The one nay vote came from Councilman Eugene Brown, who likened the project to a house built on sand that was quickly washed away in the Matthew 7 parable.

Councilman Farad Ali, though, countered with a reading from Hebrews 11, “Faith is confidence in what we hope for and assurance about what we do not see”; and from James 2, “Faith without works is dead.”

The council vote came only after 3 1/2 hours of presentation by Larry Jarvis, assistant community development director, and questions, comments, position statements and holy writ by council members in response.

Their approval itself was a statement of policy; some specifics, including the city's conditional commitment of $9.4 million more to the project and a spending plan for about $2 million in federal community development grants expected for fiscal 2012-13 (subject, as Brown pointed out, to budget cutters in Congress), remain to be discussed and voted on at the council's regular meeting May 2.

Today's vote, though, did endorse a continuing role for the St.
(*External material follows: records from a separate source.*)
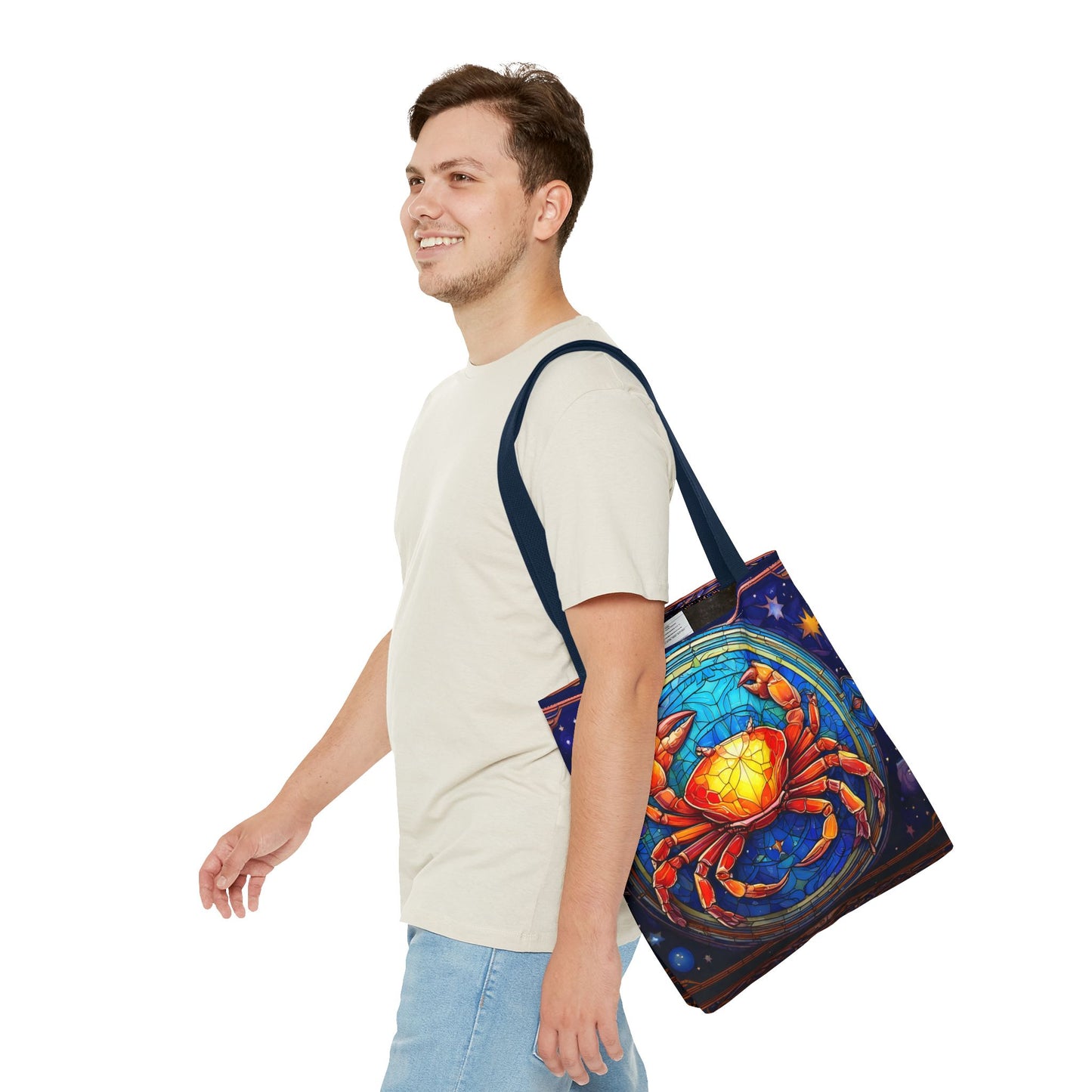 Cancer Crab Stained Glass Style Tote Bag (All Over Print)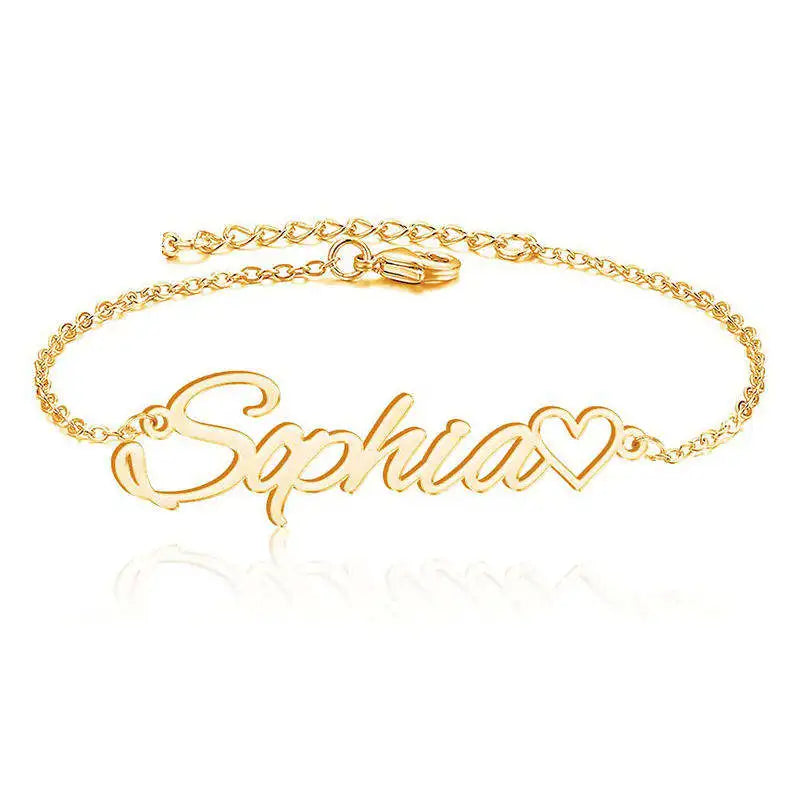 Personalized Name Bracelet for Women - Custom Heart Charm Jewelry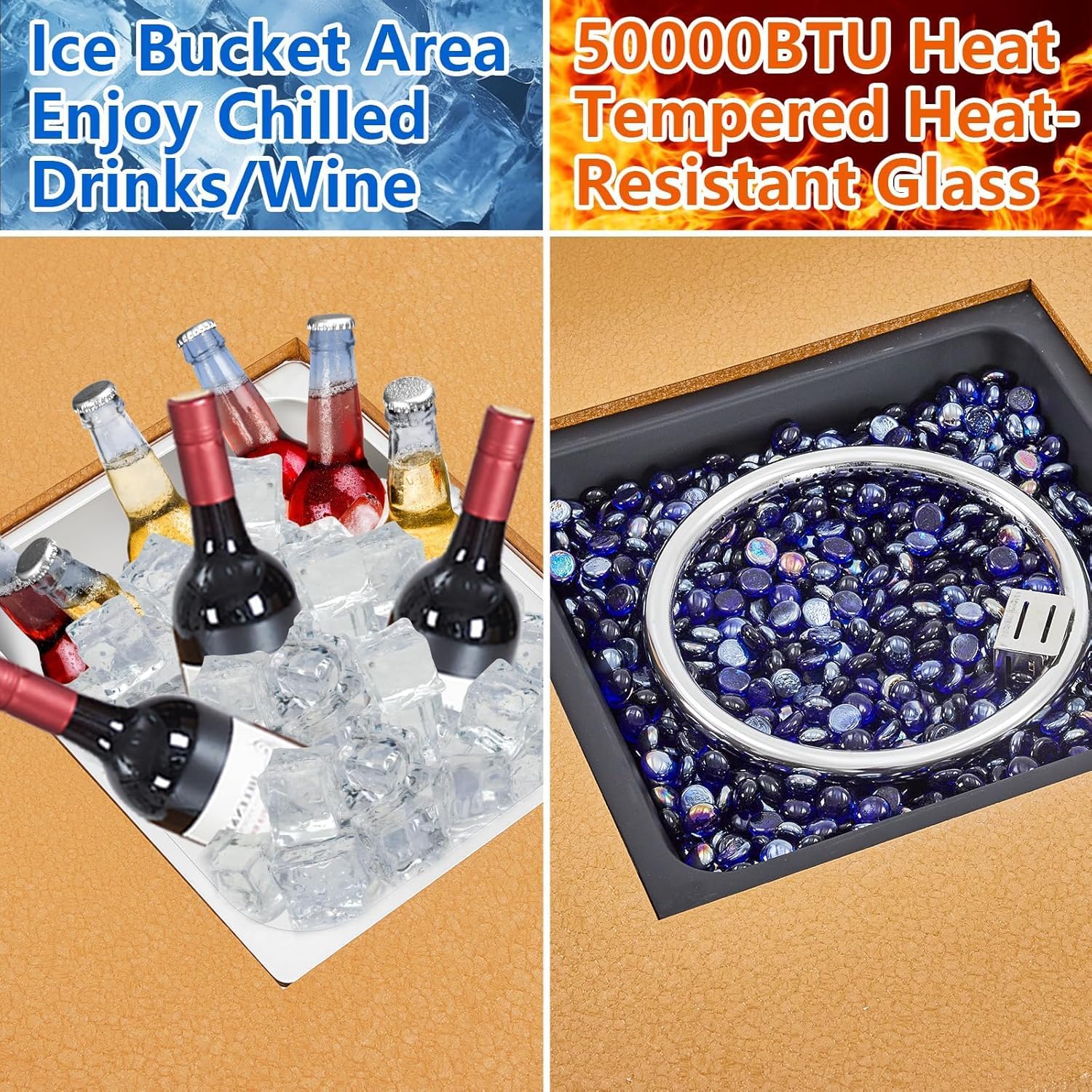 56 Inch Propane Fire Pit Table with Wind Guard, Glass Beads, Rain Cover, Sturdy Steel Anti-Rust Finish, CSA Safety Certified Outdoor Firepit for Patio Yard Garden Yellow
Louis firm McCormack Baron Salazar as the project's developer. MBS has managed project planning since 2007 and has devised a $48 million plan that includes 211 new apartments, most for rent to low-income tenants, on the Rolling Hills site at South Roxboro Street and Lakewood Avenue; along with 40 to 45 new or rehabilitated homes for sale to low-income owner occupants in the adjacent Southside neighborhood.

For months, nonprofit agencies and private citizens have raised objections to the project, particularly a financing plan based on borrowing against future federal grants. Jarvis, though, convinced the council that proceeding as planned would bring more benefits than two suggested alternatives: to land-bank the Rolling Hills site while proceeding with housing rehabilitation in Southside, or to let local nonprofits redevelop the Rolling Hills site where two previous developers have failed to complete the residential subdivisions they had proposed.

“In many ways, it’s not a perfect plan, but I believe it is a plan we can move forward with,” said Councilman Mike Woodard, who added a scripture.

“My contribution to our Bible study today is Psalm 127,” he said: “Unless the Lord builds the house, those who build it labor in vain.”

And Councilman Howard Clement concluded, “Let’s get it on.”